Neuf personnes ont occupé la présidence en dix ans. C'est le contexte dans lequel vous voyagerez, et c'est aussi la raison pour laquelle nous prévoyons systématiquement des clauses de force majeure et des itinéraires de repli.

L'économie, et le tourisme

La Banque centrale a relevé sa projection de croissance 2026 à 3,4 %, avec un investissement privé attendu en hausse de 12,5 %.

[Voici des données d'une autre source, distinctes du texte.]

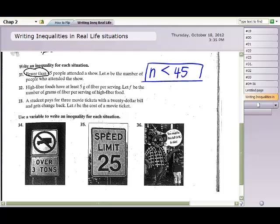Question 32: high fiber foods have at least 5 grams of fiber per serving. We use F for grams of fiber per serving. 'At least 5' — could we have less than 5? No. Could we have more than 5? Yes. And could we have exactly 5? Yes, so we include the equal sign. That gives us F ≥ 5: you could have 5, 6, 7, or anything bigger.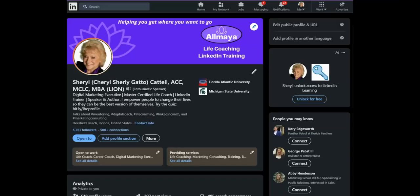Hello, my name is Cheryl Cattell, and welcome to today's LinkedIn Minute. I'm so glad you joined. Today we're going to learn more about Creator Mode — where it is, how to turn it on, and pros and cons. Let's get started.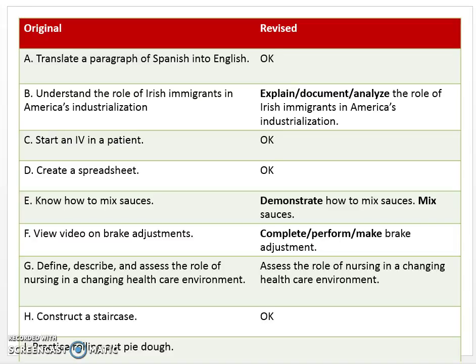Letter B: Understand the role of Irish immigrants in America's industrialization. I hope you marked this as needs improvement. The verb 'understand' is not on the list because it is not measurable and not observable. Sometimes as teachers we feel like we know when our students understand — they have smiling faces and we can see it in their eyes. But really, understanding is not something observable and measurable.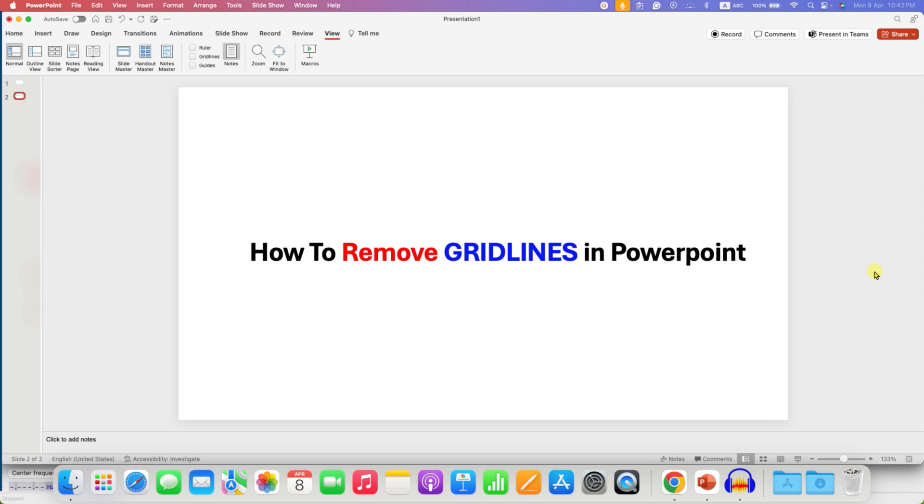In this way, you can disable or enable gridlines in PowerPoint.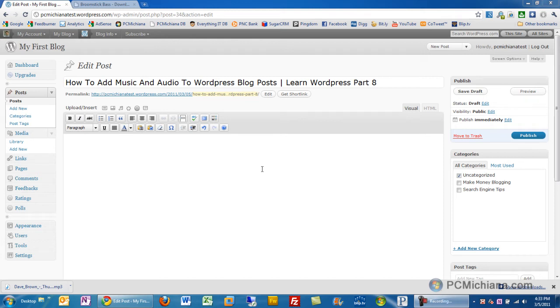Hello and welcome to the PC Michiana Tech Help Show. I'm your host Craig Chamberlain, and in the Learn WordPress series today I'm going to show you how to add music and audio to your WordPress.com blog posts.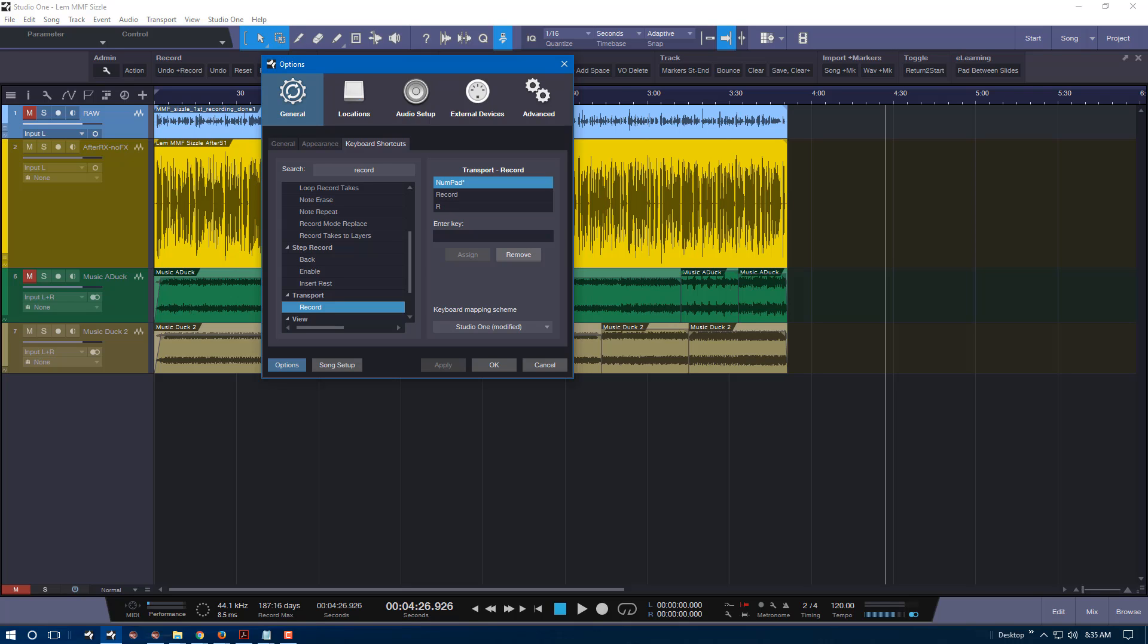Don Barnes here for Studio One Expert and today we're going to talk about keyboard shortcuts and setting multiples for a single command.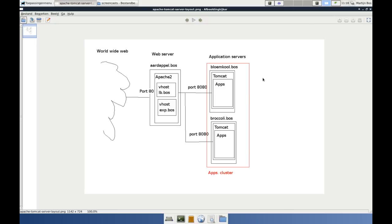I think we have done what was spoken for. Today we installed this Tomcat instance on the machine Bloomkul. Next episode, we are going to try to make that a cluster. In the meanwhile, I will prepare Tomcat on the broccoli. When I've done that, we are going to make a small video for creating the cluster of these two Tomcat instances. And further on in the series, we are going to create a load balancer on the virtual host lb.bos. Thank you for watching.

Les mines restent le socle : production record de cuivre en 2025 avec 2,77 millions de tonnes, deuxième rang mondial, exportations en forte hausse. Avec pour contrepartie la conflictualité socio-environnementale du couloir minier du sud et l'exploitation illégale, qui touche aussi le patrimoine.

L'agroexportation a franchi 15 milliards de dollars en 2025, record historique, portée par la myrtille dont le Pérou est premier exportateur mondial, le raisin de table et l'avocat.

Le tourisme, enfin. 4 157 469 visiteurs internationaux en 2025, en hausse de 4,1 %, mais seulement 78,8 % du niveau de 2019. La prévision 2026 tourne autour de 4,4 millions, soit un retour au niveau d'avant-pandémie.

Machu Picchu a reçu 1 542 350 visiteurs en 2025, dont 1 140 714 étrangers, chiffre qui dépasse pour la première fois celui de 2019. Le total reste inférieur au pic, le tourisme national ayant reculé.

Les Européens ne représentent que 14,4 % des arrivées, très loin derrière l'Amérique du Sud avec 58,8 %. Autrement dit : quand vous serez là-bas, la plupart des gens autour de vous seront chiliens, brésiliens ou équatoriens. C'est plutôt une bonne nouvelle.

Sources principales : UNESCO (Caral, Chavín, Chan Chan, Qhapaq Ñan, Machu Picchu, Tiwanaku), Ministerio de Cultura du Pérou, PNAS (étude Nasca, septembre 2024), Antiquity (datations Machu Picchu, août 2021), Noble David Cook (1981), Commission de la Vérité et de la Réconciliation (2003), Human Rights Watch, Amnesty International, ONPE et JNE (élections 2026), BCRP, Mincetur, presse péruvienne de référence.